- **EXERCISE BRIEF**
The records that follow must be printed exactly as they are.

- **RECORDED INFORMATION**

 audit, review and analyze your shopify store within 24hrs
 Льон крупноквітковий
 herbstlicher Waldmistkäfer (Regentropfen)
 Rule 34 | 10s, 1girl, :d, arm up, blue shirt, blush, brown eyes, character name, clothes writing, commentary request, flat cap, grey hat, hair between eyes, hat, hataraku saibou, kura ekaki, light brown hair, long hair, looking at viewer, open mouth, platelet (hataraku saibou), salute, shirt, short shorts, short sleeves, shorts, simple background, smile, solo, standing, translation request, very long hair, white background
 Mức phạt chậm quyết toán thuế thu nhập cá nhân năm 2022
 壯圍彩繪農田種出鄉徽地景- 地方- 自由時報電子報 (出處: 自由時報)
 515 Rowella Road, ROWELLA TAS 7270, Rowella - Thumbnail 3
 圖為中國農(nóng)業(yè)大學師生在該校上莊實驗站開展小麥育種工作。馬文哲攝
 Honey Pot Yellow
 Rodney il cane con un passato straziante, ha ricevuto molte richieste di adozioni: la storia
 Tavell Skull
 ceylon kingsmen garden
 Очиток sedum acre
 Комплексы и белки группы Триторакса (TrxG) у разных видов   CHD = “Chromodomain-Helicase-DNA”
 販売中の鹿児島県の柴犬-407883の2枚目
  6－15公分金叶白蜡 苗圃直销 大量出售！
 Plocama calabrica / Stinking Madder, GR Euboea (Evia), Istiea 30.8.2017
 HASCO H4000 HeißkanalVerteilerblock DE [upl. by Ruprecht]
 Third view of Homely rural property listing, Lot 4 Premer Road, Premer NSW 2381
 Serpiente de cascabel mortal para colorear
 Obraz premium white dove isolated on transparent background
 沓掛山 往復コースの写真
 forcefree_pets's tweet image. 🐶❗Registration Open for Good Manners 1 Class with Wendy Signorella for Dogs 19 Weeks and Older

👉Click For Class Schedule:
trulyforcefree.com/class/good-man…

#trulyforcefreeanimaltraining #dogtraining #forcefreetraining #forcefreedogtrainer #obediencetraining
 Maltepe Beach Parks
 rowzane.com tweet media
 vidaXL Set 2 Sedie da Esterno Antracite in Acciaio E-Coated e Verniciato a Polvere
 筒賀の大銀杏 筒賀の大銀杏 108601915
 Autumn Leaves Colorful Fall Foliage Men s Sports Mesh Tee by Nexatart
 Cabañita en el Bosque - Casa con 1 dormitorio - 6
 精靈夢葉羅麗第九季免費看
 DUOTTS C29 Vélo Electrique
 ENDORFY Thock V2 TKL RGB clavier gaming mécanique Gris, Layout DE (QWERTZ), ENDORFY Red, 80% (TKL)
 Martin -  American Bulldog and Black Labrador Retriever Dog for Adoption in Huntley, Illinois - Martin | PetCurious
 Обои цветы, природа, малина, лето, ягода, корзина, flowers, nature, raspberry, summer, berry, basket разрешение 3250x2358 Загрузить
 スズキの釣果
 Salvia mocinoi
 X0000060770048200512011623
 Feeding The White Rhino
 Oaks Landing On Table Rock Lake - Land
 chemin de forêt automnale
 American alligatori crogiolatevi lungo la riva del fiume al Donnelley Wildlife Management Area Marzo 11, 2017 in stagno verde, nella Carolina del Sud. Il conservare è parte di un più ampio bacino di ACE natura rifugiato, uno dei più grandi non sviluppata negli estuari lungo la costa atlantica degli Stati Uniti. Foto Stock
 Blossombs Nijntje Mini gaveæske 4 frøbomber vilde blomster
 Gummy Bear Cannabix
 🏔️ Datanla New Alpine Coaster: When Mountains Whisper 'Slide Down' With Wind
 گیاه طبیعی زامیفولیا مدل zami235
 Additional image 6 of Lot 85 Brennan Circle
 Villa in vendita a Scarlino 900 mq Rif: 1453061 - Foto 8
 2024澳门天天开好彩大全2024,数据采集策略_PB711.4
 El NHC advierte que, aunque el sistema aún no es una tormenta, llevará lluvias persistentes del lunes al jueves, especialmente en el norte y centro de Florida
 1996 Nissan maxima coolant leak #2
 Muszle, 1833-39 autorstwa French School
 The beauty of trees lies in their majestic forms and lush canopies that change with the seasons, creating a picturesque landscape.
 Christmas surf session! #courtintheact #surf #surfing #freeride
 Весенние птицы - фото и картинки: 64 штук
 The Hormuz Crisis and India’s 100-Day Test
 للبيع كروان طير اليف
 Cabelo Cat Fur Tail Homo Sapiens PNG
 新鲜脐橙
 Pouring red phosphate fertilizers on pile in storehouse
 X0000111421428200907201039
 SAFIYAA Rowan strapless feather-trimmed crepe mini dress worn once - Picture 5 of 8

- **REPLY**
 audit, review and analyze your shopify store within 24hrs
 Льон крупноквітковий
 herbstlicher Waldmistkäfer (Regentropfen)
 Rule 34 | 10s, 1girl, :d, arm up, blue shirt, blush, brown eyes, character name, clothes writing, commentary request, flat cap, grey hat, hair between eyes, hat, hataraku saibou, kura ekaki, light brown hair, long hair, looking at viewer, open mouth, platelet (hataraku saibou), salute, shirt, short shorts, short sleeves, shorts, simple background, smile, solo, standing, translation request, very long hair, white background
 Mức phạt chậm quyết toán thuế thu nhập cá nhân năm 2022
 壯圍彩繪農田種出鄉徽地景- 地方- 自由時報電子報 (出處: 自由時報)
 515 Rowella Road, ROWELLA TAS 7270, Rowella - Thumbnail 3
 圖為中國農(nóng)業(yè)大學師生在該校上莊實驗站開展小麥育種工作。馬文哲攝
 Honey Pot Yellow
 Rodney il cane con un passato straziante, ha ricevuto molte richieste di adozioni: la storia
 Tavell Skull
 ceylon kingsmen garden
 Очиток sedum acre
 Комплексы и белки группы Триторакса (TrxG) у разных видов   CHD = “Chromodomain-Helicase-DNA”
 販売中の鹿児島県の柴犬-407883の2枚目
  6－15公分金叶白蜡 苗圃直销 大量出售！
 Plocama calabrica / Stinking Madder, GR Euboea (Evia), Istiea 30.8.2017
 HASCO H4000 HeißkanalVerteilerblock DE [upl. by Ruprecht]
 Third view of Homely rural property listing, Lot 4 Premer Road, Premer NSW 2381
 Serpiente de cascabel mortal para colorear
 Obraz premium white dove isolated on transparent background
 沓掛山 往復コースの写真
 forcefree_pets's tweet image. 🐶❗Registration Open for Good Manners 1 Class with Wendy Signorella for Dogs 19 Weeks and Older

👉Click For Class Schedule:
trulyforcefree.com/class/good-man…

#trulyforcefreeanimaltraining #dogtraining #forcefreetraining #forcefreedogtrainer #obediencetraining
 Maltepe Beach Parks
 rowzane.com tweet media
 vidaXL Set 2 Sedie da Esterno Antracite in Acciaio E-Coated e Verniciato a Polvere
 筒賀の大銀杏 筒賀の大銀杏 108601915
 Autumn Leaves Colorful Fall Foliage Men s Sports Mesh Tee by Nexatart
 Cabañita en el Bosque - Casa con 1 dormitorio - 6
 精靈夢葉羅麗第九季免費看
 DUOTTS C29 Vélo Electrique
 ENDORFY Thock V2 TKL RGB clavier gaming mécanique Gris, Layout DE (QWERTZ), ENDORFY Red, 80% (TKL)
 Martin -  American Bulldog and Black Labrador Retriever Dog for Adoption in Huntley, Illinois - Martin | PetCurious
 Обои цветы, природа, малина, лето, ягода, корзина, flowers, nature, raspberry, summer, berry, basket разрешение 3250x2358 Загрузить
 スズキの釣果
 Salvia mocinoi
 X0000060770048200512011623
 Feeding The White Rhino
 Oaks Landing On Table Rock Lake - Land
 chemin de forêt automnale
 American alligatori crogiolatevi lungo la riva del fiume al Donnelley Wildlife Management Area Marzo 11, 2017 in stagno verde, nella Carolina del Sud. Il conservare è parte di un più ampio bacino di ACE natura rifugiato, uno dei più grandi non sviluppata negli estuari lungo la costa atlantica degli Stati Uniti. Foto Stock
 Blossombs Nijntje Mini gaveæske 4 frøbomber vilde blomster
 Gummy Bear Cannabix
 🏔️ Datanla New Alpine Coaster: When Mountains Whisper 'Slide Down' With Wind
 گیاه طبیعی زامیفولیا مدل zami235
 Additional image 6 of Lot 85 Brennan Circle
 Villa in vendita a Scarlino 900 mq Rif: 1453061 - Foto 8
 2024澳门天天开好彩大全2024,数据采集策略_PB711.4
 El NHC advierte que, aunque el sistema aún no es una tormenta, llevará lluvias persistentes del lunes al jueves, especialmente en el norte y centro de Florida
 1996 Nissan maxima coolant leak #2
 Muszle, 1833-39 autorstwa French School
 The beauty of trees lies in their majestic forms and lush canopies that change with the seasons, creating a picturesque landscape.
 Christmas surf session! #courtintheact #surf #surfing #freeride
 Весенние птицы - фото и картинки: 64 штук
 The Hormuz Crisis and India’s 100-Day Test
 للبيع كروان طير اليف
 Cabelo Cat Fur Tail Homo Sapiens PNG
 新鲜脐橙
 Pouring red phosphate fertilizers on pile in storehouse
 X0000111421428200907201039
 SAFIYAA Rowan strapless feather-trimmed crepe mini dress worn once - Picture 5 of 8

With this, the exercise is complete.